Allez quelques souvenirs (il y en a tant), comme ça éparpillés :
– La première rencontre avec Yannick Noah. On m’avait prévenu : aie un paquet de cigarettes sur toi, même si tu ne fumes pas. S’il te taxe une clope au bout de cinq minutes, c’est gagné. Ça n’a pas loupé. Ce jour-là, j’avais béni Serge Philippot, l’historique photographe du journal.
– Voir Andre Agassi débarquer sur la terrasse du players lounge à Miami alors que j’étais en train d’interviewer Thomas Muster. Me tendre la main et me dire : « Andre, please to meet you. « Heuh…. Christophe… »
– Assister à l’hallucinant quart de finale Courier – Sampras à Melbourne, Open d’Australie 1995, où Pete avait fondu en larmes. Je me souviens avoir écrit mon papier dans la foulée -ce qui n’était pas nécessaire- jusqu’à trois heures du matin, très ému parce ce que je venais de voir.
– Avoir découvert le Madison Square Garden lors d’un Masters féminin.
– Avoir eu la chance de couvrir l’une des rencontres de Coupe Davis les plus abracadabrantesques de l’histoire : la demi-finale Russie – Allemagne 1995 à Moscou.
– Avoir interviewé Anna Kournikova aux Petits As. Elle devait avoir 12 ou 13 ans et parlait déjà comme si elle avait 20. Effrayant.
– Avoir vu le revers à une main de Richard Gasquet aux championnats de France benjamins par équipes.
– Avoir traversé sous la neige et sur des routes défoncées la Slovénie du Sud au Nord pour aller chez Iva Majoli à Zagreb. Comment n’a-t-on pas crevé ?
– La conception du numéro spécial 20 ans. On avait bossé comme des chiens et je crois qu’on pouvait en être fiers.
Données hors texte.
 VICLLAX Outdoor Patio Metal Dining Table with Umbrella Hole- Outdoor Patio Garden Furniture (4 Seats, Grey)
– Les visites, le soir, de Pierre Richard, actionnaire du journal, et qui une fois, tel l’un de ses personnages au cinéma, avait commencé à faire le pitre au milieu de la rédaction avec la fort heureusement oubliée raquette à double manche.
– Avoir eu l’occasion de taper des balles avec Ken Rosewall lors d’une étape du Senior Tour à Paris, avoir été fasciné par la qualité et la longueur de sa balle et par son formidable revers, mi-slicé, mi frappé.
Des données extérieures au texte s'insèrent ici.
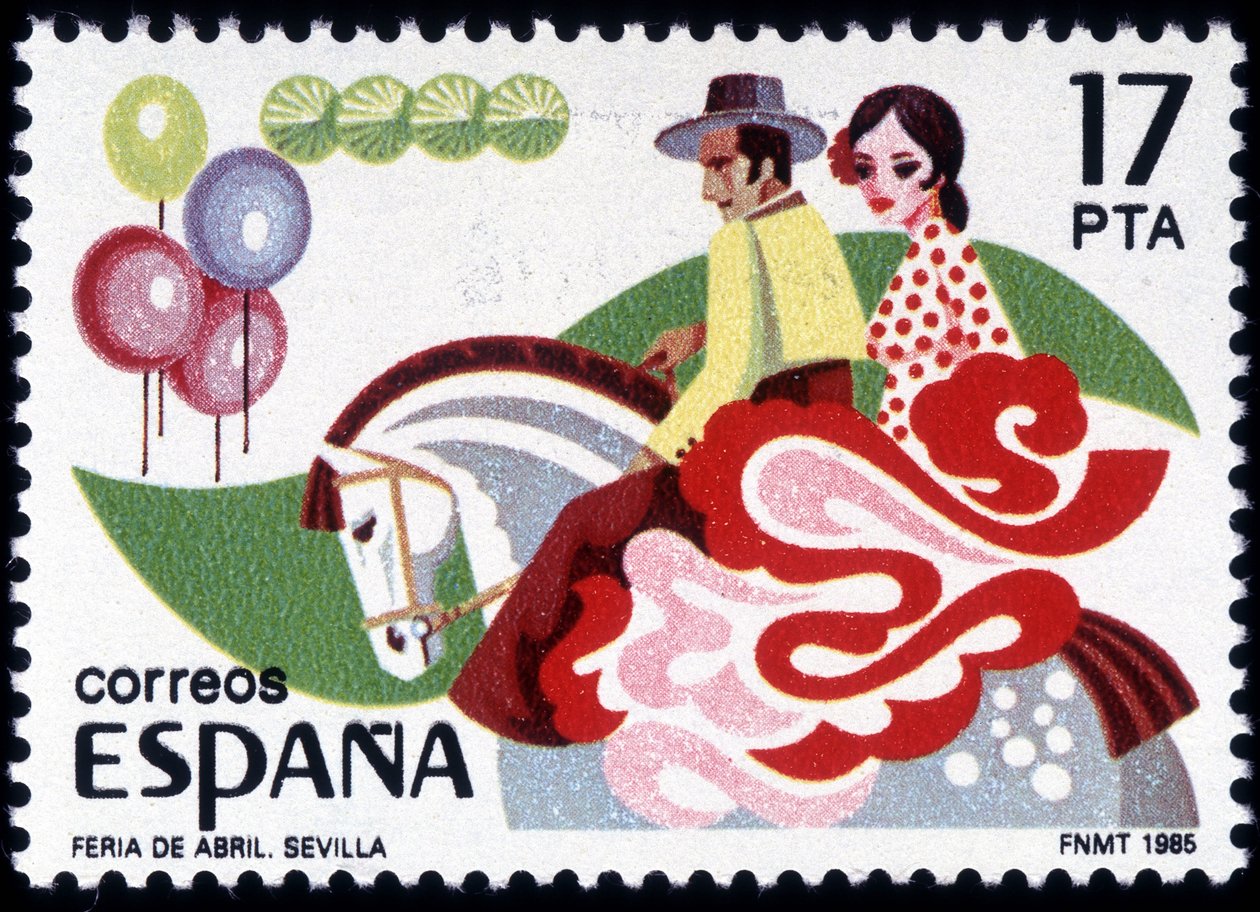 La Feria de Sevilla: pareja en traje folclórico a caballo - sello español de Spanish School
Ce Monsieur Badinter va donc choisir de positionner Tennis Mag sur un nouveau créneau. Appelons ça « un-truc-machin-bidule-soi-disant-plus-grand-public-lifestyle ». A l’opposé de l’ADN-même du journal, dont la force et la raison d’être ont toujours été de tenter de satisfaire les frapadingues de tennis, les déglingos de la balle jaune, bien plus intéressés par les performances d’un cordage monofilament sur le jeu d’attaquant du dimanche que par des pages shopping/mode vendues aux annonceurs. Je résume vite fait mais il y a de ça et les forcenés ne s’y reconnaissent plus, c’est une évidence. C’est bête mais pour moi, un journal spécialisé doit être spécialisé. Il y a dans ce Tennis Magazine-là des articles qui auraient pu paraitre dans VSD ou ne je ne sais quelle publication loisirs plus générique. Or justement, non : tout le contenu de Tennis Magazine ne peut être que dans Tennis Magazine.
De cette évidence, ce monsieur à fait fi pour envoyer plus de quarante ans d’histoire dans le mur. On nous explique que Tennis Magazine continue sa vie, via le numérique et un trimestriel, piloté par le groupe L’Equipe… toujours propriétaire de la marque Tennis de France ! Bah non, c’est autre chose, je ne sais pas quoi mais surtout pas le journal qu’on a aimé. Quelle misère !
PS : Et une pensée évidemment à tous ceux qui y travaillaient encore et risquent de se retrouver sur le carreau.